Light Inside the Body

We floated together, facing out to creation. The curve of my small spine pressed against the curve of his small spine. The soles of my feet pressed against the soles of his feet. I had a heart outside myself—ten thousand hearts outside myself—pumping thick red blood out to the fingers and toes of the world.

Our tiny heads rested on the skulls of those who had come before us. We dreamt their dreams. Thought their thoughts. They told us who we were and what we would become. Not this, not that, they said. Not a boy, not a girl. They spoke softly of mountains and rivers and winds, hooves and scales and wings. You are a whole wilderness, they said, rising up from earth.

With this they made certain we understood what was most important to understand: that we knew the borrowedness of our bodies. Knew that we were no one thing. Hair would sprout from our scalps and teeth would drop from our gums, but we had fur and fins and horns and antlers, all inside of us as well. You are a whole wilderness, they said, falling down to earth.

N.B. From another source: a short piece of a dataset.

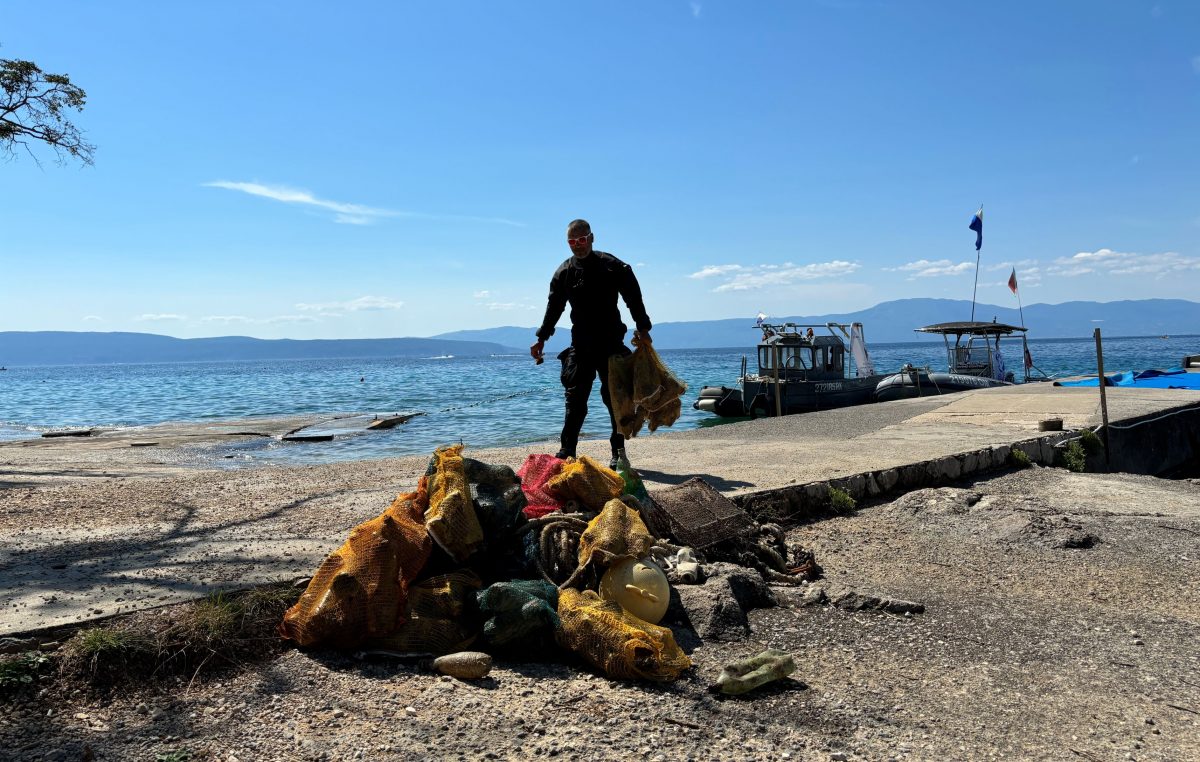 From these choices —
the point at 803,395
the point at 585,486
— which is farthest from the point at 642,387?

And when all went quiet and we could no longer make out the sound of these murmurings, I leaned back just a little into the spine that curved against my spine, and I said to the heart outside myself, Where are you? And the heart outside myself said, I’m right here. Where are you? And I said, I’m right here, too.

And that’s how I knew I was alive and of the world. That I was nothing less and nothing more than everything that had already been, and everything that would ever be. Who I was was happening, and this happening could never be undone.